Elon Musk unleashed a wild tirade against Disney and other advertisers he accused of blackmailing X: ‘go F-CK yourself’

Elon Musk laughing on stage (Credit: Michael M. Santiago/Getty Images)

Elon Musk's X, formerly Twitter, has been facing an advertising crisis. Major players such as Disney, IBM, and Apple hit the pause button on advertising following Musk's assertion that a dangerous anti-Semitic conspiracy theory was the "absolute truth." As the company loses a potential $75 million in revenue this quarter, Musk served a clear message to the advertisers who have pulled back.

"If someone is going to blackmail me with advertising, blackmail me with money, go fuck yourself. Go FUCK yourself," Musk said onstage Wednesday at The New York Times Dealbook summit. He then called out Walt Disney Co. CEO Bob Iger, whose company was one of the first big brands to boycott X. "Hey Bob, if you're in the audience," Musk said, waving his hand.

Musk made the comments in an extraordinary interview with the Time's Andrew Ross Sorkin, in which the owner of the platform unleashed a stream of invective and defiance in response to questions about the advertising situation and his role in it. "Let the chips fall where they may," Musk declared at one point, after urging any marketers who don't like what he has to stop advertising on X. "Don't advertise," he repeatedly taunted.

In the audience was also X CEO Linda Yaccarino, who has been the proverbial pain sponge for the company. While Musk's disruptive approach wreaks havoc and drives advertisers away like a bull in a china shop, Yaccarino has been left to pick up the pieces. With her two decades of experience in advertising (with many at NBCUniversal, an advertiser that also paused spending on X), the responsibility of wooing back advertisers seemingly falls on her shoulders. And there on stage, the 52-year-old Musk, in a brown leather bomber jacket and black jeans, is openly berating the advertisers.

"What this advertising boycott is going to do is it's going to kill the company," Musk said. "The whole world will know that those advertisers killed the company, and we'll document it in great detail."

Musk's appearance comes a week after X Corp moved to sue the media watchdog group Media Matters following its report on antisemitic content on the platform. Yaccarino spoke to staff as the lawsuit dropped in a hastily-assembled all hands, reported exclusively by Fortune, where she urged employees to find new sources of revenue. Musk called the Media Matters report "fraudulent," and Yaccarino told staff that it was "a contrived experience that could be curated...on any platform today.” This hasn't seemed to gel with advertisers, though.

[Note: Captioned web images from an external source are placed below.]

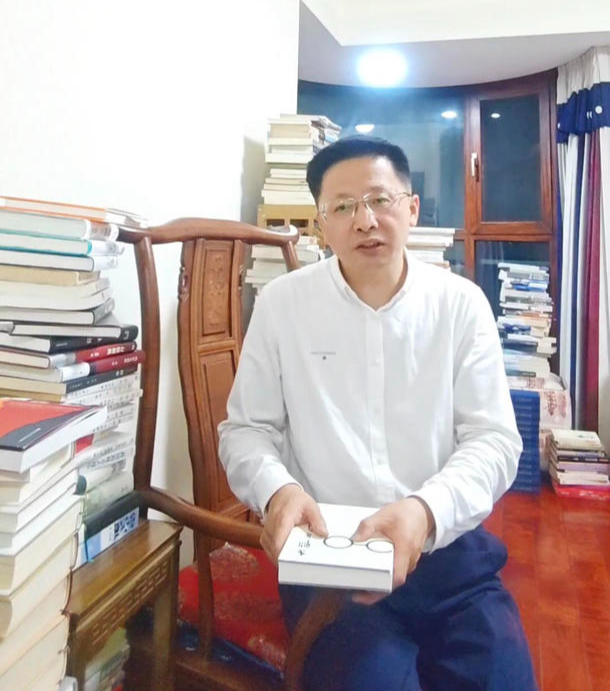 四川犍为"霹雳舞局长"为高三学子写"小作文":分数很重要,但终身努力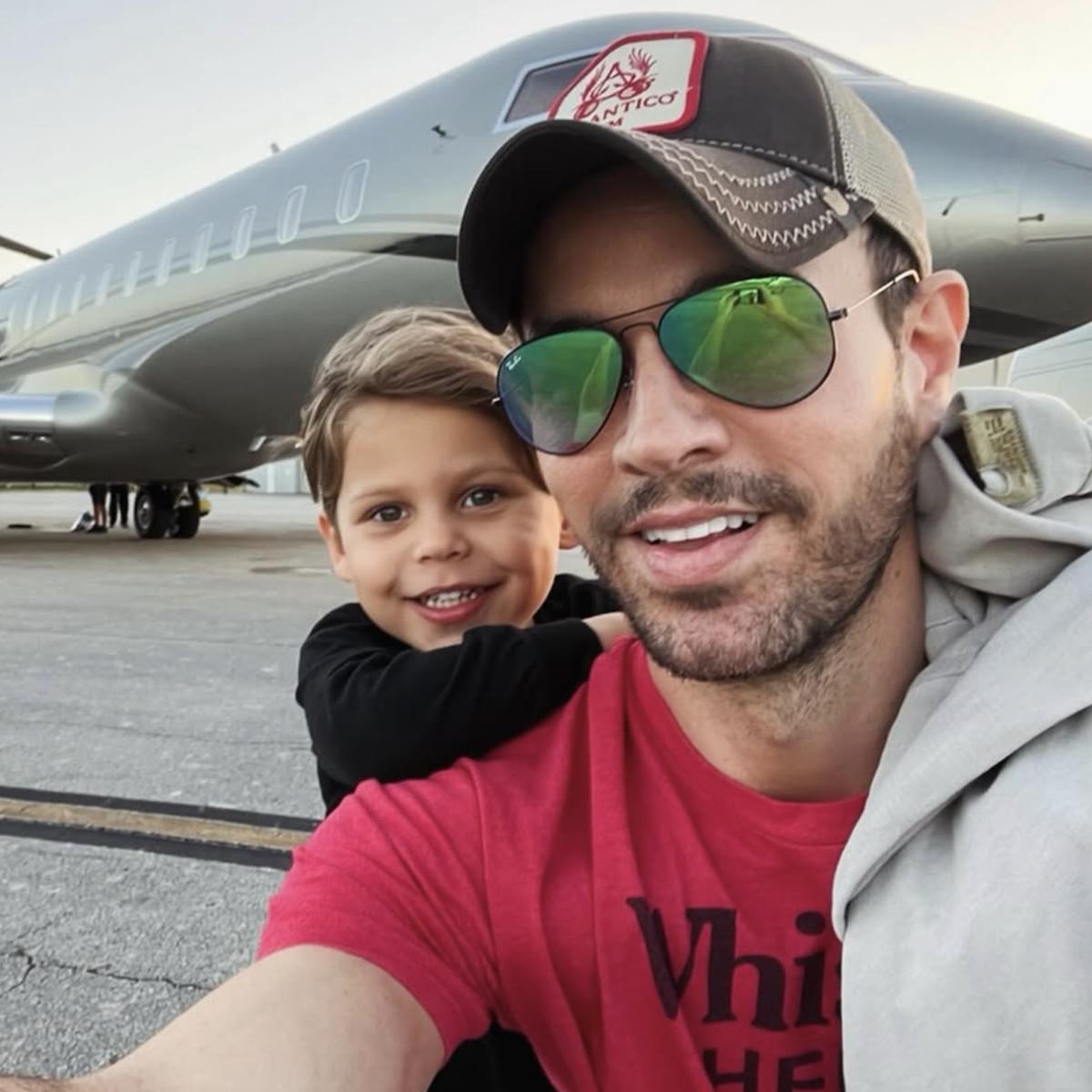 Enrique Iglesias, padre a los 50: por qué el cantante tiene el mismo físico  que a los 30 | Mujerhoy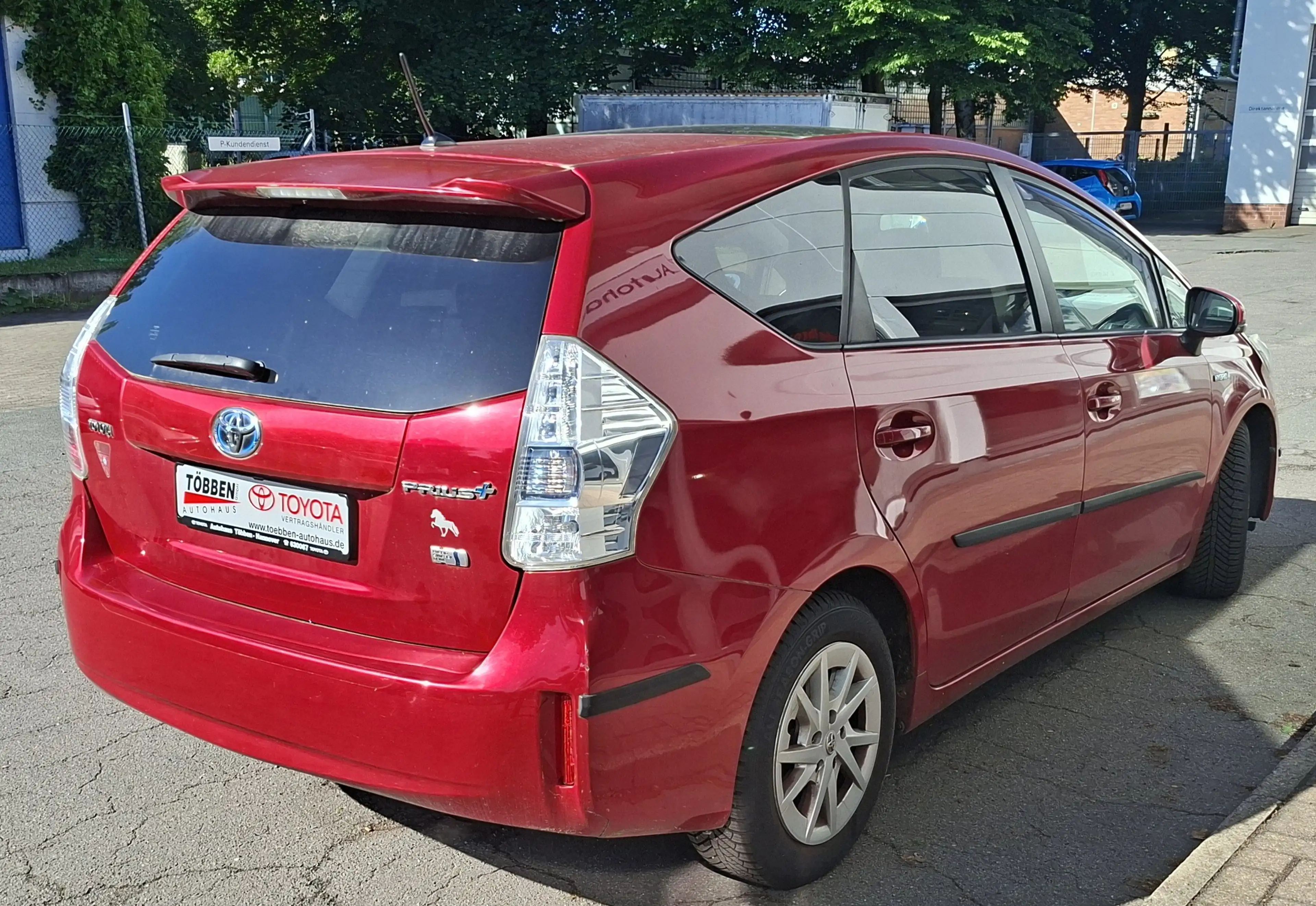 Toyota Prius+ Life + Panorama Glasdach+Ganzjahresreifen+Garantie — photo 5
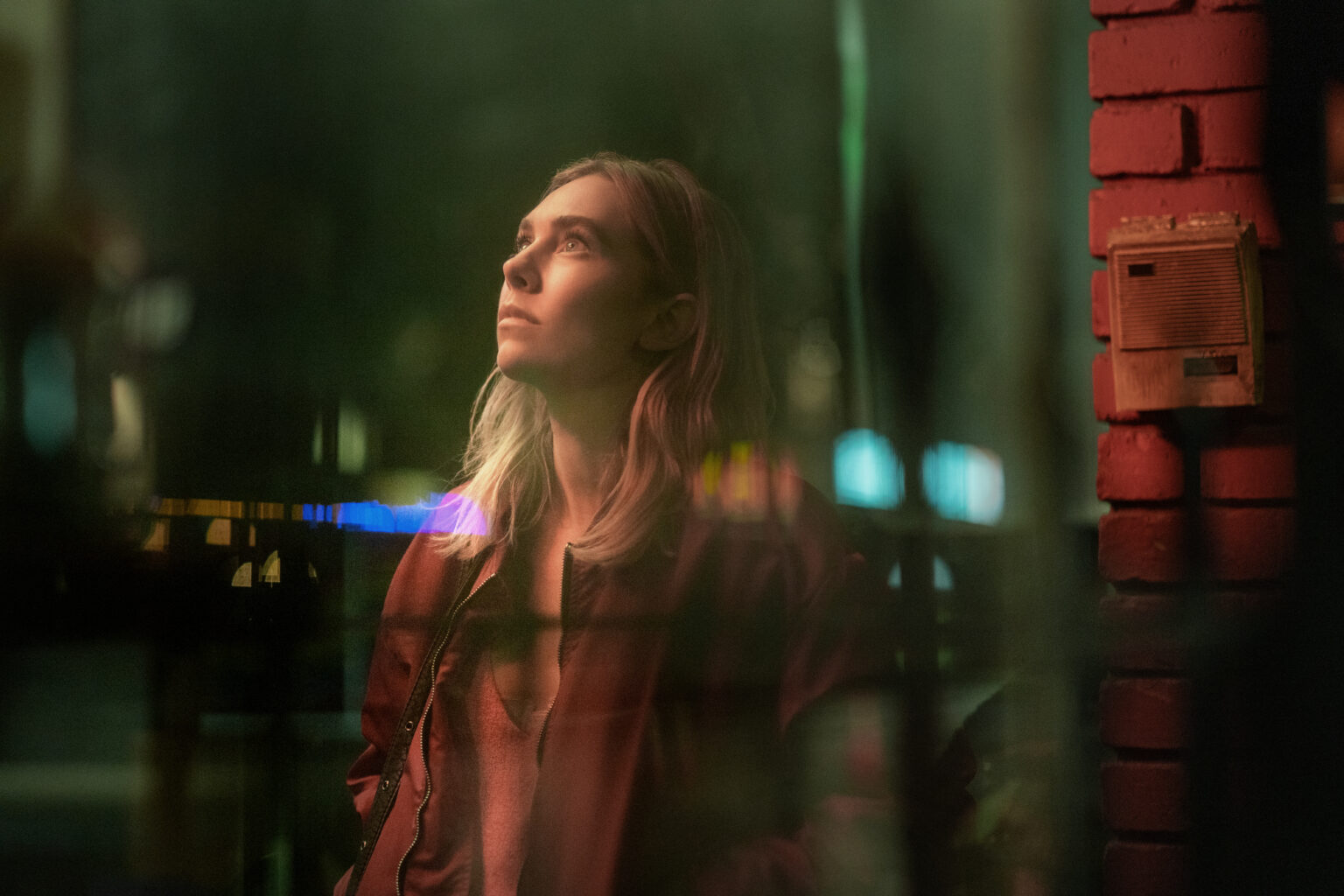 La notte arriva sempre, la recensione: La discesa nell’inferno di una notta Una scena de La notte arriva sempre (fonte: Netflix)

Following the widespread criticism and advertiser pullback regarding the anti-Semitic content on X, Musk embarked on what some critics have dubbed an "apology tour" to Israel, where he met with Prime Minister Benjamin Netanyahu. Notably, on Monday, Musk tentatively agreed that his Starlink satellites, responsible for broadband internet communications, could be utilized in the Gaza Strip with the approval from the Israeli government. Musk said on the Dealbook Summit stage that his trip to Israel was “not an apology tour," and that he has “no problem being hated" in response to a question about his endorsement of the antisemitic conspiracy theory. He said he was not anti-semitic, and cited his post saying as much shortly after the controversy began.

While Musk seemed defensive, and a bit chaotic coming on stage, he admitted that his "actual truth" tweet was "perhaps one of the most foolish— if not the most foolish thing— I've ever done on the platform."

"It might be literally the worst and dumbest post that I've ever done," Musk said.